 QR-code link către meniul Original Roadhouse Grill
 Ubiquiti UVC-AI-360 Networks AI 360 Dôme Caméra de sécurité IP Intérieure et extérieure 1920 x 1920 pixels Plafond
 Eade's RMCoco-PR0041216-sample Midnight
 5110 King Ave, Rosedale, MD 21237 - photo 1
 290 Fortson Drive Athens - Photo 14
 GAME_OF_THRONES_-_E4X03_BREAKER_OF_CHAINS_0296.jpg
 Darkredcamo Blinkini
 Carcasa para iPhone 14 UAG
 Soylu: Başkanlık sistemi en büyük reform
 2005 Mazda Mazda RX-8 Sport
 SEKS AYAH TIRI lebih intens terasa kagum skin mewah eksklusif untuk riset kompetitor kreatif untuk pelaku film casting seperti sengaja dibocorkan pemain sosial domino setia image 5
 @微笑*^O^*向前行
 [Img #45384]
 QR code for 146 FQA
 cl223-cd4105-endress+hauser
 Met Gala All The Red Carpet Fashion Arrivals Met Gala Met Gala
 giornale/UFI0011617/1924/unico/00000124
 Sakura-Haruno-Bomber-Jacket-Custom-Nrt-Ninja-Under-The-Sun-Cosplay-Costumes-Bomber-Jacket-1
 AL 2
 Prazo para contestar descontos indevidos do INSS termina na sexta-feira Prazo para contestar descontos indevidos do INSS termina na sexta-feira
—————
How to complete this task >>
Go through the listing and copy each line that includes the string "para".

Written solution >>
 Carcasa para iPhone 14 UAG
 Prazo para contestar descontos indevidos do INSS termina na sexta-feira Prazo para contestar descontos indevidos do INSS termina na sexta-feira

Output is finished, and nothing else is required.